An excellent example of the critical consensus being just plain wrong. Underworld is bloated, confused, and turgid - yet critics who should have known better drowned it in praise. I think this is due to a number of factors.

One, pedigree: DeLillo is a critical darling, deservedly so. Two, Heft: just like in movies, critics assume size equals importance, and thus the longer it takes to get through something, the more that something must have to say. It's 854 pages, 600 of which could have been cut. Three, it's Delillo, who rivals Toni Morrison and John Updike for riding the line between brilliant and laughably overwrought and critics will always prefer the "difficult" to the plainspoken.
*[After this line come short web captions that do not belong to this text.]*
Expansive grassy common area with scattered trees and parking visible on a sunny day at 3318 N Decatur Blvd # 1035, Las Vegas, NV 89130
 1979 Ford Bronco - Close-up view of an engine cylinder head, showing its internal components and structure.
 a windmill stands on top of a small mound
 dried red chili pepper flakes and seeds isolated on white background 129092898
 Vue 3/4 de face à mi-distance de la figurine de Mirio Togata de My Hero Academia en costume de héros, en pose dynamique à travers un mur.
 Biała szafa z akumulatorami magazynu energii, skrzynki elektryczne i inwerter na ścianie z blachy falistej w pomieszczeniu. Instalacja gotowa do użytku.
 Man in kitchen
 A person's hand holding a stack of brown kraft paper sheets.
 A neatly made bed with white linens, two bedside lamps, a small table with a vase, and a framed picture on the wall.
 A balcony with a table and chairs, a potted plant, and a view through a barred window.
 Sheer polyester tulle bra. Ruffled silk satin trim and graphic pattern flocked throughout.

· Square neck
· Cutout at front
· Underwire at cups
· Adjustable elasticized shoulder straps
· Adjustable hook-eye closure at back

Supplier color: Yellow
Fine by me - I don't have a problem with occasionally making the reader work for his/her supper. But there's a difference between challenging the reader and flexing your cleverness, and you can guess which one I think DeLillo does here. Ultimately, I don't think DeLillo knew what his story was about and tried to compenstate by adding more and more pages. Critics, never wanting to be the one who doesn't "get it", fawned and fellated the book, doing no favors to either the author or readers who mistakenly wade into this dank swamp and wonder why they're so dumb for not seeing the brilliance. And then they run back to James Patterson or Nicholas Sparks or some shit like that and we're all a little poorer in the end.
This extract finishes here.